● Supplied data:

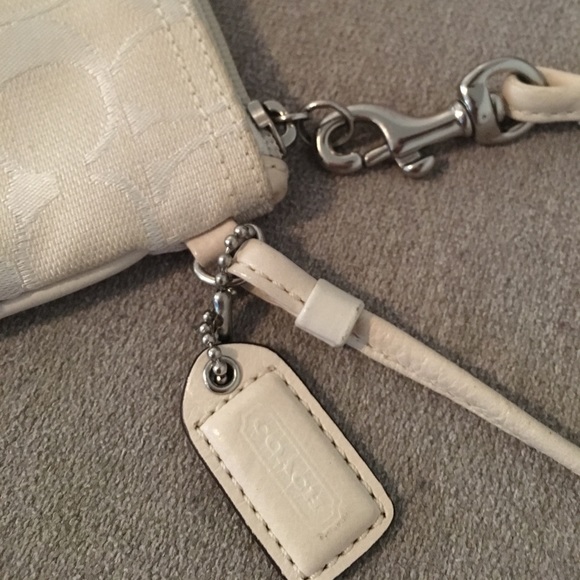 ❤️ Coach Signature Wristlet w Dust Bag Authentic - Picture 2 of 6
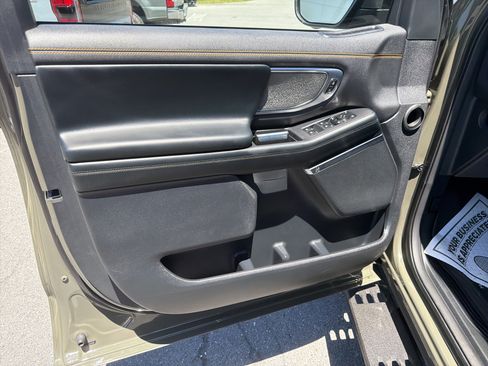 Used 2025 Ford Expedition Tremor AWD/4WD image 19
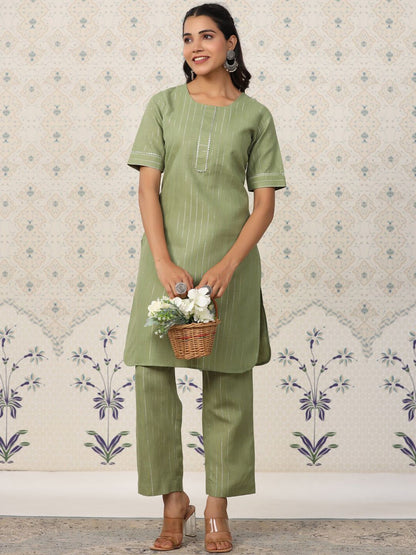 Dhiyona OD  Striped Regular Gotta Patti Kurta With Trousers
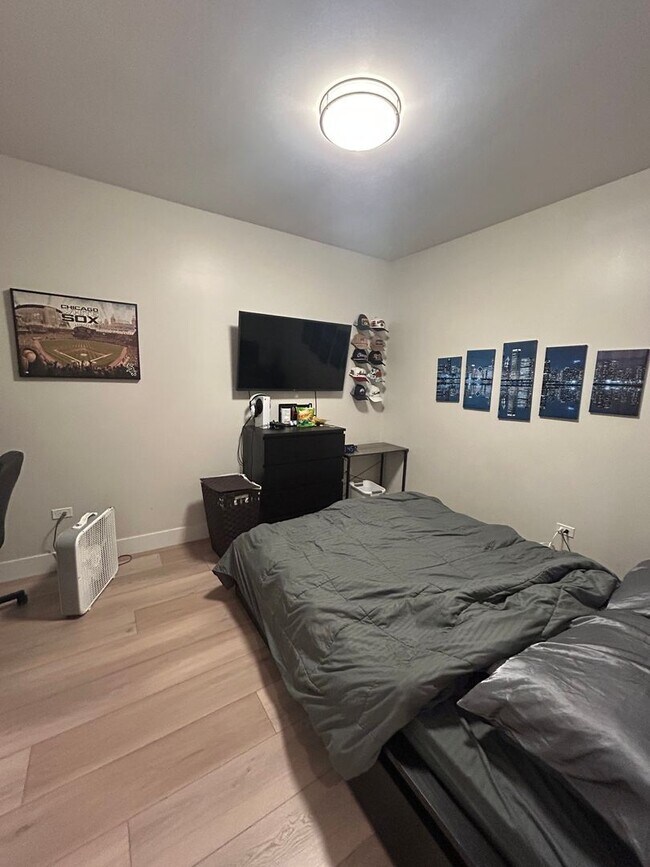 Building Photo - 1646 W Belmont Ave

● Work item: Please copy the lines above, starting at the one that holds "Kurta With Trousers" and stopping after the last line, exactly as they appear and minus the pictures.

● Answer for the task:
 Dhiyona OD  Striped Regular Gotta Patti Kurta With Trousers
 Building Photo - 1646 W Belmont Ave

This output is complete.